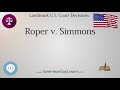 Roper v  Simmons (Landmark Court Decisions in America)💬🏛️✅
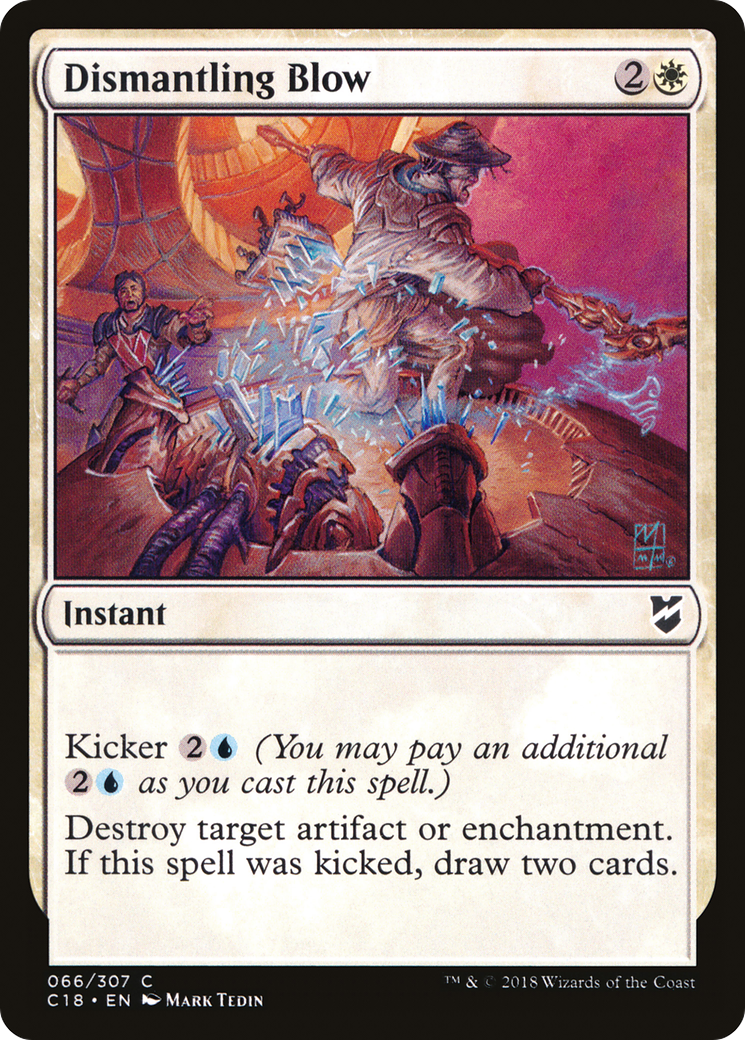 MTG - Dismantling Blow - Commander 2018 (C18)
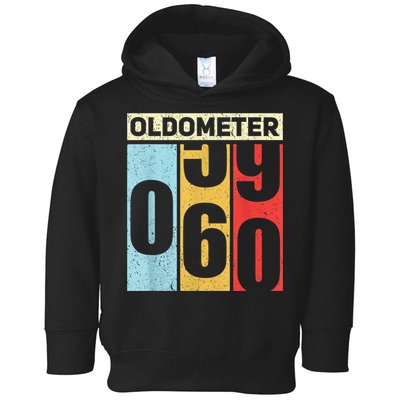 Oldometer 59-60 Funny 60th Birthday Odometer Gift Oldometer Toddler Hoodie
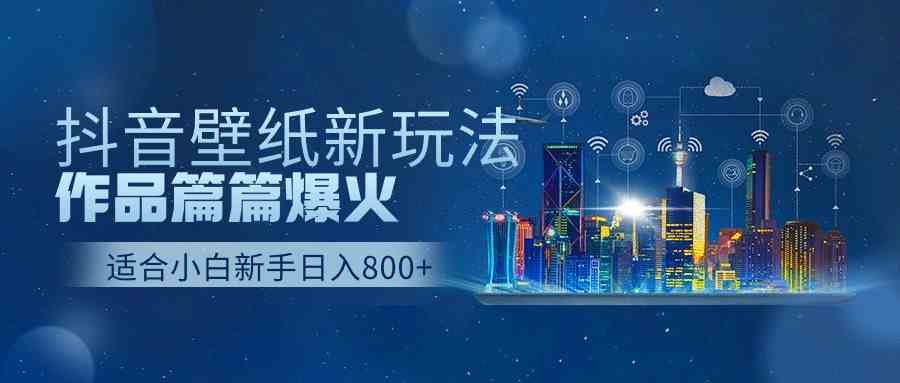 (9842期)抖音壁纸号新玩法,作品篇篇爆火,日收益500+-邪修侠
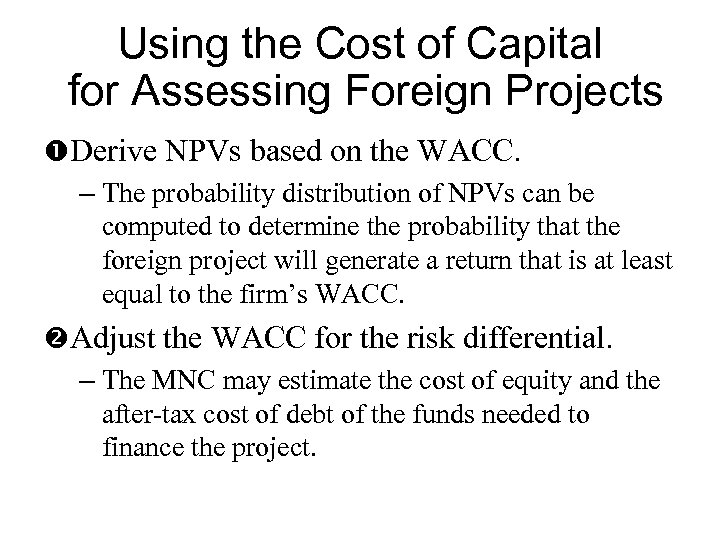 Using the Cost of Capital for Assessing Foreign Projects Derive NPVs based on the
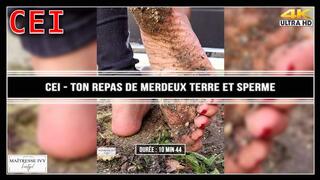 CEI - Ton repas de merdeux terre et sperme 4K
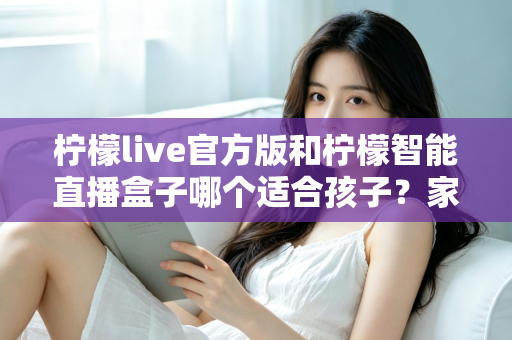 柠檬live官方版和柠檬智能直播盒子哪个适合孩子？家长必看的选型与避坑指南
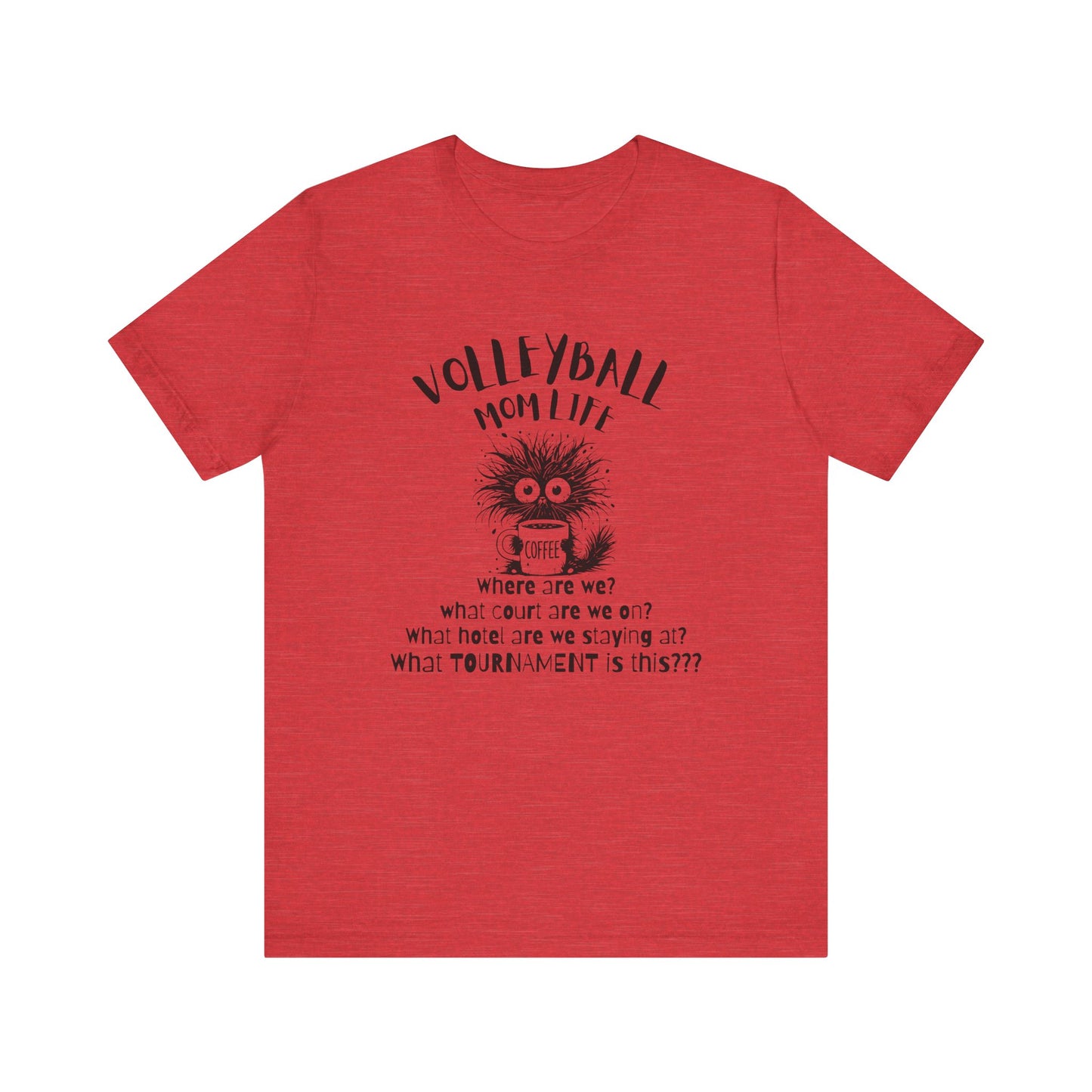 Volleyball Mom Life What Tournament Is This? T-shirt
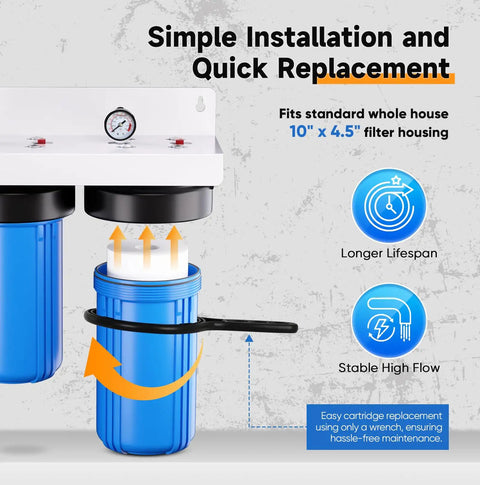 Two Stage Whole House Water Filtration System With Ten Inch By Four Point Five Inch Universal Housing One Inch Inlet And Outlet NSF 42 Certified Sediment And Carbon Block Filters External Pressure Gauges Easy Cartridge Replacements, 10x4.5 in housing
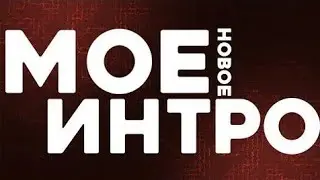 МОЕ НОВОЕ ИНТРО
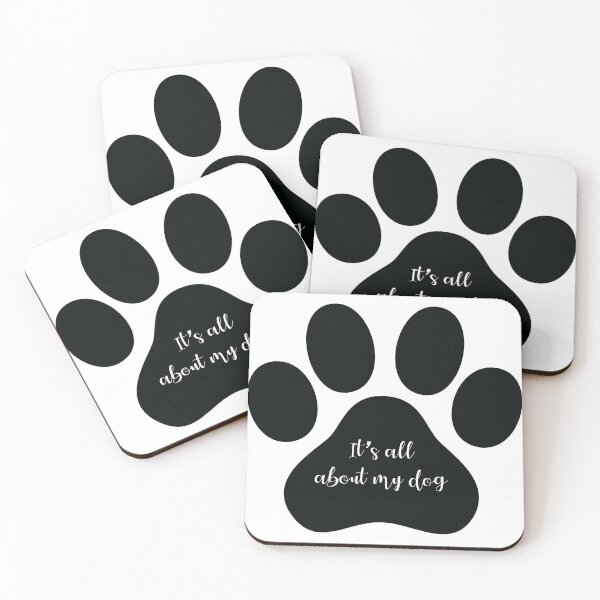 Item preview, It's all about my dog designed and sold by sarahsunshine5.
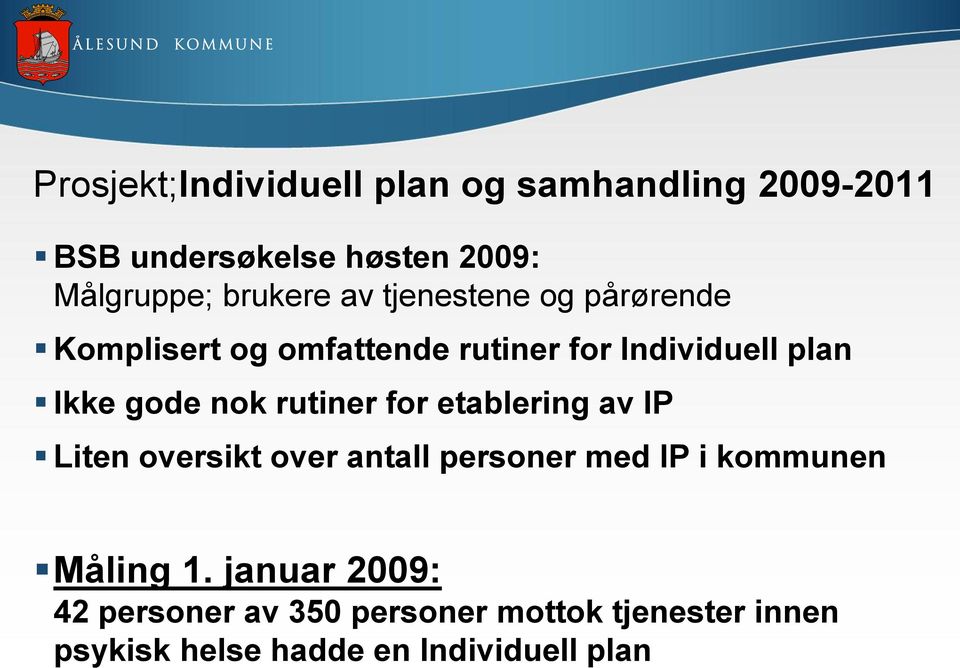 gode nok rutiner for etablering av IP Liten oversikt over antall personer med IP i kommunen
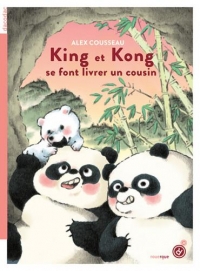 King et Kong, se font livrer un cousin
#####
Begin with the line that contains "MTG - Dismantling" and copy every line through the end of the listing, exactly as written, both ends included. Pictures are not part of the copy.

## Written response:
 MTG - Dismantling Blow - Commander 2018 (C18)
 Oldometer 59-60 Funny 60th Birthday Odometer Gift Oldometer Toddler Hoodie
 (9842期)抖音壁纸号新玩法,作品篇篇爆火,日收益500+-邪修侠
 Using the Cost of Capital for Assessing Foreign Projects Derive NPVs based on the
 CEI - Ton repas de merdeux terre et sperme 4K
 柠檬live官方版和柠檬智能直播盒子哪个适合孩子？家长必看的选型与避坑指南
 Volleyball Mom Life What Tournament Is This? T-shirt
 Two Stage Whole House Water Filtration System With Ten Inch By Four Point Five Inch Universal Housing One Inch Inlet And Outlet NSF 42 Certified Sediment And Carbon Block Filters External Pressure Gauges Easy Cartridge Replacements, 10x4.5 in housing
 МОЕ НОВОЕ ИНТРО
 Item preview, It's all about my dog designed and sold by sarahsunshine5.
 gode nok rutiner for etablering av IP Liten oversikt over antall personer med IP i kommunen
 King et Kong, se font livrer un cousin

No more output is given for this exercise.